Your reply should reproduce each entry exactly and contain no pictures.

*** Material for this task Section Begins ***

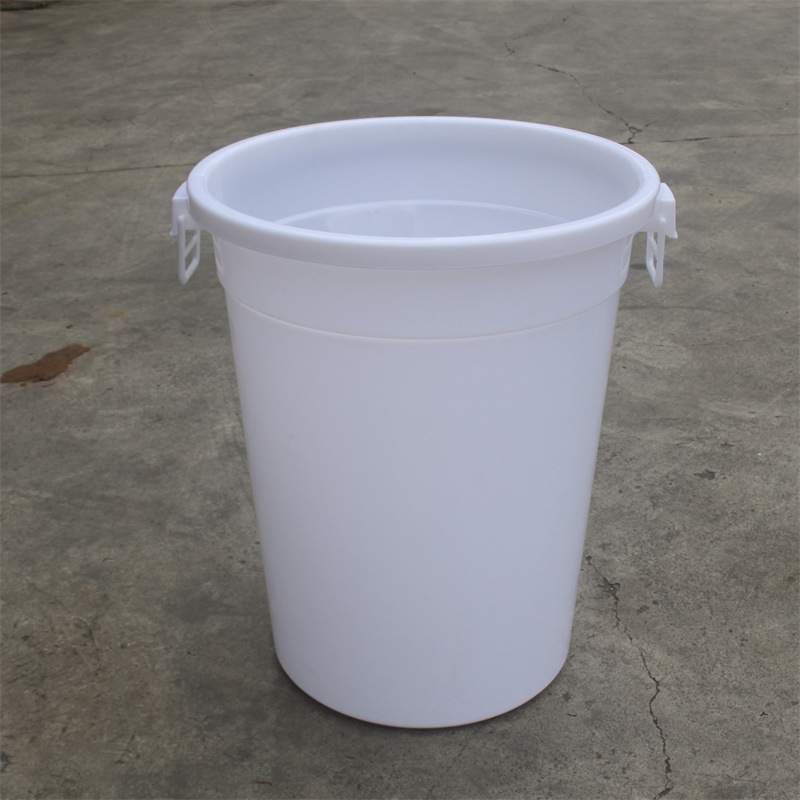 福建批发塑料加厚带盖圆形蓝色白色大容量桶300L 660*480*800规格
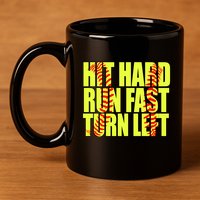 Funny Softball Design Great For Ns And Gift 11oz C Handle Ceramic Mug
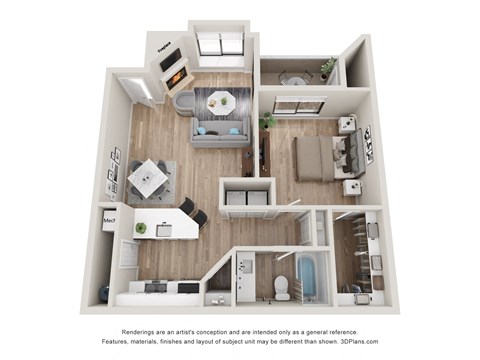 Magwood A1A 3D floorplan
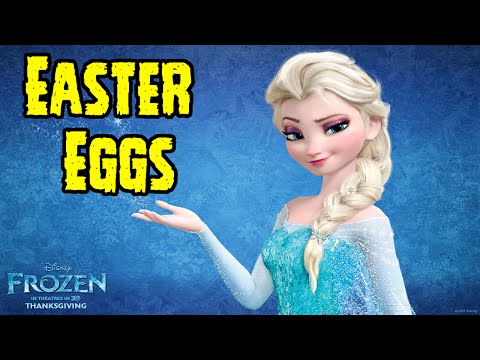 TOP Easter Eggs: Easter Eggs De Frozen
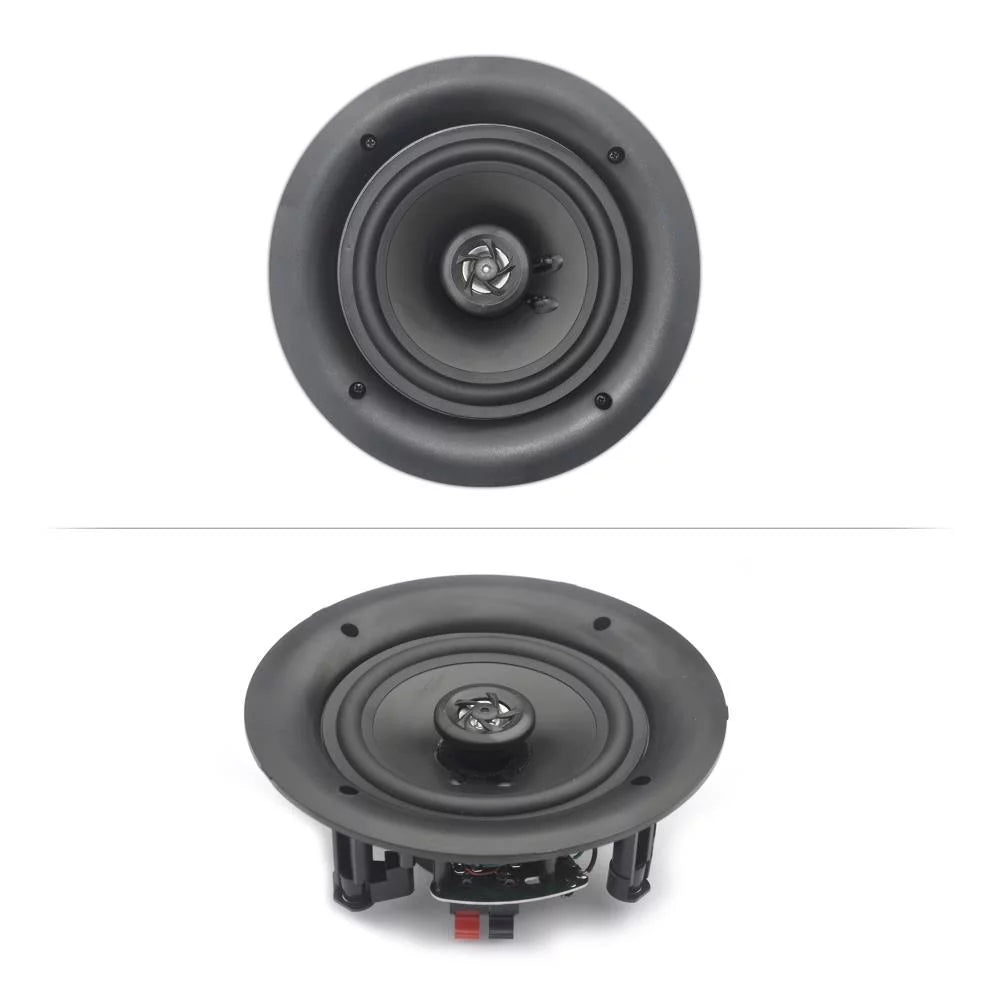 Way 2 Bluetooth 6.5 Flush Speakers, Mount Pack) Pyle Pack In 4 Ceiling Wall 200W Audio (4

*** Material for this task Section Ends ***

# Written solution
 福建批发塑料加厚带盖圆形蓝色白色大容量桶300L 660*480*800规格
 Funny Softball Design Great For Ns And Gift 11oz C Handle Ceramic Mug
 Magwood A1A 3D floorplan
 TOP Easter Eggs: Easter Eggs De Frozen
 Way 2 Bluetooth 6.5 Flush Speakers, Mount Pack) Pyle Pack In 4 Ceiling Wall 200W Audio (4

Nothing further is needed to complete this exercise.